# Plum Creek Stuff / cause I am a nice guy



## Gone Fishin (Aug 1, 2005)




----------



## Johnboy (Aug 1, 2005)

Who can i contact about some of the tracts?


----------



## Gone Fishin (Aug 1, 2005)

You gotta do a little work for yourself.


----------



## SBG (Aug 2, 2005)

Try this Johnboy.


Plum Creek leases


----------



## Johnboy (Aug 2, 2005)

SBG said:
			
		

> Try this Johnboy.
> 
> 
> Plum Creek leases


Thanks SBG, i contacted them yesterday.


----------



## sweatequity (Aug 3, 2005)

*jackson county*

I bid on the jackson county lease 15.00...yeah right


----------



## fast eddie (Aug 3, 2005)

I don't know for sure but, it seems like putting info. like this on this message board just drives the price you have to pay up.
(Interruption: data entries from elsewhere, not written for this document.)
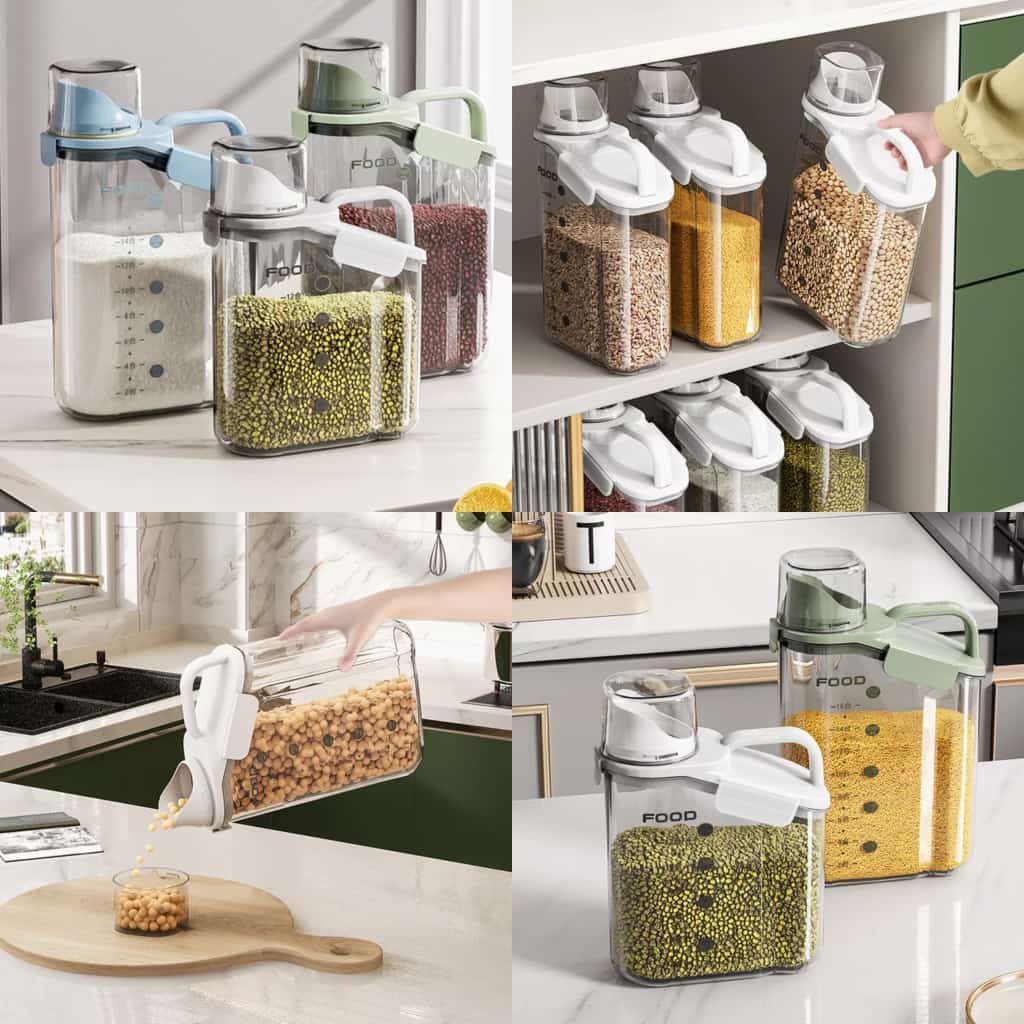 Belro cereal storage containers for kitchen food storage, clear plastic with secure lids for organized pantry storage.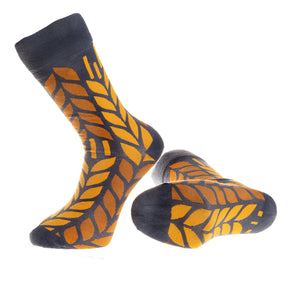 Yellow Leafs Printed-European Made - Egyptian Cotton Socks - Premium Cotton Fun socks with Soft Elastic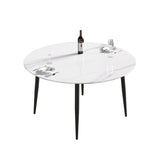 53.15"Modern man - made stone round black metal dining table - position for 6 people - W1535S00001 - image - 9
Considering you have to bid on these tracts.


----------



## Gone Fishin (Aug 4, 2005)

Everyone on here knew plum creek leases lands.  The info on their site was difficult to use, unless you were looking in a particular county.  I simply put it in a more user friendly format.


----------



## bilgerat (Aug 4, 2005)

the Jackson tract is not in Jackson Co , it is in Heard co!


----------



## sweatequity (Aug 4, 2005)

*deer*

I have never known anyone that hunted in Jackson County very little if any hunting land available.  At least that is my experience.

The map shows jackson but the print out said Heard????


----------